The respondents admitted no statutory procedure exists for summoning rowdy sheeters but justified it as non-punitive intelligence gathering, citing Malak Singh v. State of Punjab & Haryana (1981) and Gobind v. State of Madhya Pradesh (1975), which uphold discreet surveillance for crime prevention. They portrayed the petitioner as masquerading as a social worker while filing frivolous complaints against police, urging the court not to interfere in operational matters or prescribe new rules, which they claimed is the legislature's domain.

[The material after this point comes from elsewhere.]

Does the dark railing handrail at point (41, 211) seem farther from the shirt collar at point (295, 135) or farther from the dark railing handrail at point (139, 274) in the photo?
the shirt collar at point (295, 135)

Key Legal Precedents and Principles Applied

The court extensively referenced Supreme Court rulings to delineate the boundaries of police powers. In Malak Singh (supra), the Apex Court permitted surveillance only to the extent it prevents crime without encroaching on privacy, aligning with Article 19(1)(d) (freedom of movement). Kharak Singh v. State of U.P. (1963) and Sharda v. Dharm Pal (2003) affirmed police rights to monitor suspects but stressed fairness.

Crucially, the bench distinguished non-statutory practices: Under Section 35(3) of the BNSS, 2023, notices must be issued for suspected cognizable offenses, not mere surveillance. Citing Selvi v. State of Karnataka (2010), the court held that actions without "procedure established by law" (as per Article 13) violate Article 21, even for investigative tools like narcoanalysis if unconsented. M.A. Khaliq v. Ashok Kumar (2021) was invoked to condemn summoning without registered crimes as violative of basic principles.

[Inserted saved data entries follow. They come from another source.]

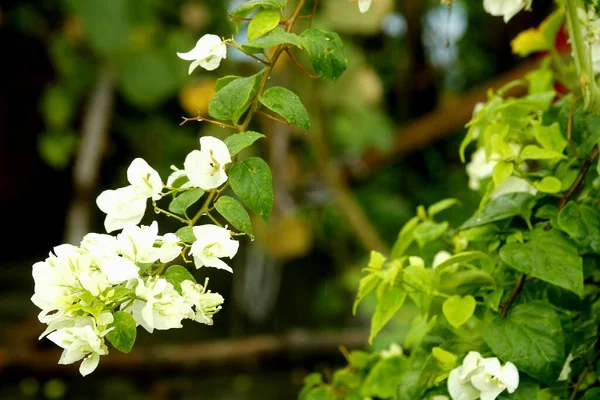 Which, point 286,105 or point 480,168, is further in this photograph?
point 480,168

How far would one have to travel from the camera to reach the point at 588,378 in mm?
630

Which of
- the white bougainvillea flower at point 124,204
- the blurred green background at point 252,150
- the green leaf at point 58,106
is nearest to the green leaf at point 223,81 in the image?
the white bougainvillea flower at point 124,204

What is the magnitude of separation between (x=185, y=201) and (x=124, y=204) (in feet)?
0.13

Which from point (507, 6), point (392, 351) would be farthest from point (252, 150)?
point (507, 6)

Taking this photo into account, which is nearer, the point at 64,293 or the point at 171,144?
the point at 64,293

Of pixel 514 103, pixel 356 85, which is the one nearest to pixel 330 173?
pixel 356 85

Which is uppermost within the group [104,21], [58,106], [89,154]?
[104,21]

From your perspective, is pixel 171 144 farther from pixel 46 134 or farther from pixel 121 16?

A coordinate bench's guidelines in B.S. Prakash v. State of Karnataka (2022) for entering names in rowdy registers were noted but extended here to summoning, emphasizing that the Karnataka Police Manual, though guiding, lacks statutory force and cannot justify arbitrariness. The ruling balanced privacy ( Puttaswamy , supra) with societal interests, rejecting blanket surveillance as unconstitutional.

Pivotal Excerpts from the Judgment

The court's reasoning is captured in key observations:

> "Unless there is a procedure in law prescribed to secure the presence of a rowdy, the same would fall foul of Article 21 of the Constitution of India."

> "So long as there is no procedure established by law, the respondents cannot summon a person whose name appears in the Rowdy Register. The Rowdy Register shall always be maintained as a reference to keep track of the activities of the person without intruding his private space."

Justice Nataraj added a caveat, not opining on the rowdy sheet's validity, and invoked Justice V.R. Krishna Iyer's words from Sunil Batra v. Delhi Administration (1978) on preserving fundamental rights even for the accused.

Court's Final Decision and Implications

The writ petition was allowed in part with the following directives:

  • Police shall not orally summon the petitioner solely due to his rowdy status unless he is suspected of or involved in a crime.
  • Until legislation is enacted, the petitioner must provide his mobile number to relevant police stations (Subramanya Nagar, Yelahanka New Town, Rajajinagar, and Amruthahalli), where SMS or WhatsApp messages will suffice for routine inquiries. Non-compliance allows home visits for surveillance.
  • Protection lapses if the petitioner commits offenses, and powers under Chapter IX of BNSS (public order) remain unaffected.

This ruling sets a precedent for procedural safeguards in police surveillance, potentially impacting thousands of rowdy sheeters in Karnataka. It reinforces Article 21's non-derogable nature, urging the State to frame rules while allowing reformed individuals space for rehabilitation. For law enforcement, it signals a shift toward digital, less intrusive methods, promoting accountability without undermining crime prevention.

The decision underscores the judiciary's role as a guardian of rights, ensuring policing remains constitutional amid Bengaluru's urban challenges.